Introduction
The ‘First of May’ of every Gregorian calendar year, popularly called the ‘#May_Day’, is a government holiday in many countries around the world, including Bangladesh. All labour-oriented organizations celebrate the day with great honour and dignity, and it is promoted by the #international_labour_movement. The month of May also bears the legacy of an ancient Pagan culture as the European spring festival, but we will not ponder on that in this article. The date, 01 May, was chosen by a pan-national organization of socialist and communist political parties to commemorate the #Haymarket_incident, which occurred in Chicago on 4 May 1886. In later years international labour organisations selected First of May as the International Workers’ Day.
In earlier days the workers and labourers used to be slaves or they used to be treated as slaves. They used to work for 12 hours or 16 hours or even beyond. As such the workers in USA demanded for ‘#8-hours day’ for same wages. They used their democratic right to protest and fulfilled their demand. Later Haymarket incident took place and #May_Day came into existence. Irony is that, though the May Day celebrated with extra emphasis in all communist countries, these Governments never allowed their workers the democratic right to protest; not even now! It’s very interesting to note that most of the people, including the Americans, don't realize that May Day has its origins in USA, a non-socialist country and is celebrated in all socialist and communist countries with great importance.
Historical Background
The history of May Day is more than one hundred years old. Beginning in the late 19th century, as the #trade_union and labour movements grew, a variety of days were chosen by trade unionists as a day to celebrate labour. During that period “the working class was in constant struggle to gain the 8-hour work day. Working conditions were severe and it was quite common to work 10 to 16 hour days in unsafe conditions. Death and injury were commonplace at many work places and inspired such books as Upton Sinclair's The Jungle and Jack London's The Iron Heel. As early as the 1860's, working people agitated to shorten the workday without a cut in pay, but it wasn't until the late 1880's that organized labor was able to garner enough strength to declare the 8-hour workday. This proclamation was without consent of employers, yet demanded by many of the working class.”- writes Eric Chase.

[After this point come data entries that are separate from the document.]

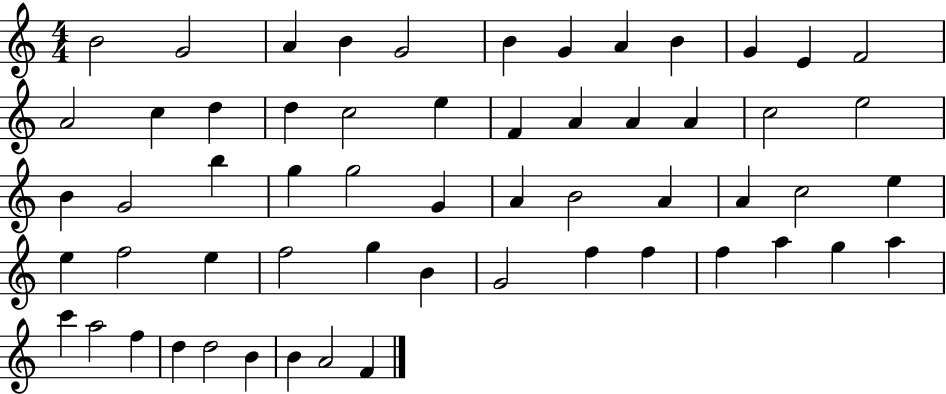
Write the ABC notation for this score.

X:1
T:Untitled
M:4/4
L:1/4
K:C
B2 G2 A B G2 B G A B G E F2 A2 c d d c2 e F A A A c2 e2 B G2 b g g2 G A B2 A A c2 e e f2 e f2 g B G2 f f f a g a c' a2 f d d2 B B A2 F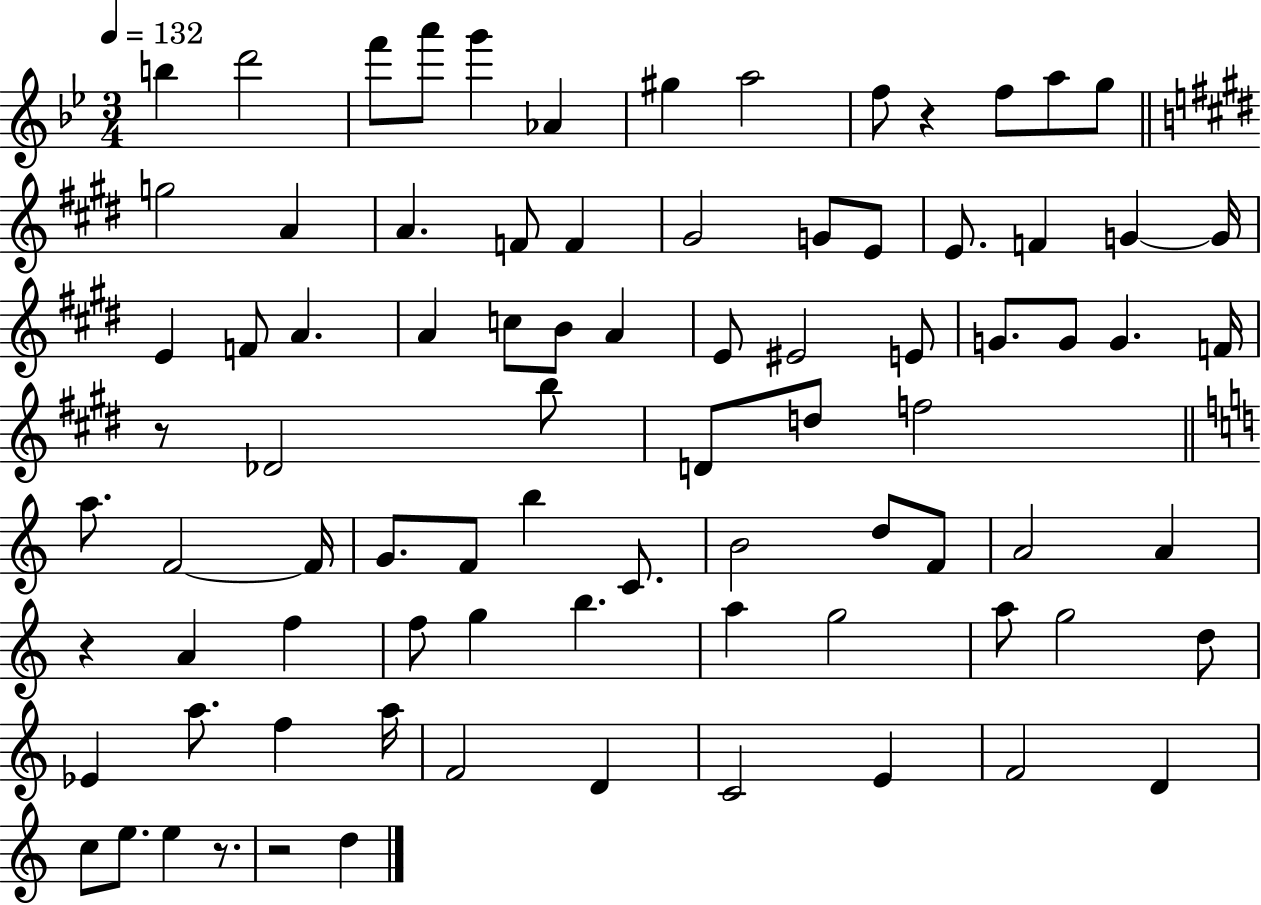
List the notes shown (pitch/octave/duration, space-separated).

B5/q D6/h F6/e A6/e G6/q Ab4/q G#5/q A5/h F5/e R/q F5/e A5/e G5/e G5/h A4/q A4/q. F4/e F4/q G#4/h G4/e E4/e E4/e. F4/q G4/q G4/s E4/q F4/e A4/q. A4/q C5/e B4/e A4/q E4/e EIS4/h E4/e G4/e. G4/e G4/q. F4/s R/e Db4/h B5/e D4/e D5/e F5/h A5/e. F4/h F4/s G4/e. F4/e B5/q C4/e. B4/h D5/e F4/e A4/h A4/q R/q A4/q F5/q F5/e G5/q B5/q. A5/q G5/h A5/e G5/h D5/e Eb4/q A5/e. F5/q A5/s F4/h D4/q C4/h E4/q F4/h D4/q C5/e E5/e. E5/q R/e. R/h D5/q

In the United States and Canada, a September holiday, called Labor or Labour Day, was first proposed in the 1880s. In 1882, Matthew Maguire, a machinist, first proposed a Labor Day holiday on the first Monday of September while serving as secretary of the Central Labor Union (CLU) of New York. Others argue that it was first proposed by Peter J. McGuire of the American Federation of Labor in May 1882, after witnessing the annual labour festival held in Toronto, Canada. Oregon was the first state of US to make it an official public holiday in 1887. By the time it became an official federal holiday in 1894, thirty US states officially celebrated Labor Day. Thus by 1887 in North America Labour Day was an established official holiday but in September, not on 1 May. At this time, socialism was a new and attractive idea to working people, many of whom were drawn to its ideology of working class control over the production and distribution of all goods and services. Workers had seen first-hand that Capitalism benefited only their bosses, trading workers' lives for profit. Thousands of men, women and children were dying needlessly every year in the workplace, with life expectancy as low as their early twenties in some industries, and little hope but death of rising out of their destitution. Socialism offered another option.
A variety of socialist organizations sprung up throughout the later half of the 19th century, ranging from political parties to choir groups. In fact, many socialists were elected into governmental office by their constituency. But again, many of these socialists were ham-strung by the political process which was so evidently controlled by big business and the bi-partisan political machine. Tens of thousands of socialists broke ranks from their parties, rebuffed the entire political process, which was seen as nothing more than protection for the wealthy, and created anarchist groups throughout the country. Literally thousands of working people embraced the ideals of anarchism, which sought to put an end to all hierarchical structures (including government), emphasized worker controlled industry, and valued direct action over the bureaucratic political process. It is inaccurate to say that labor unions were "taken over" by anarchists and socialists, but rather anarchists and socialist made up the labor unions.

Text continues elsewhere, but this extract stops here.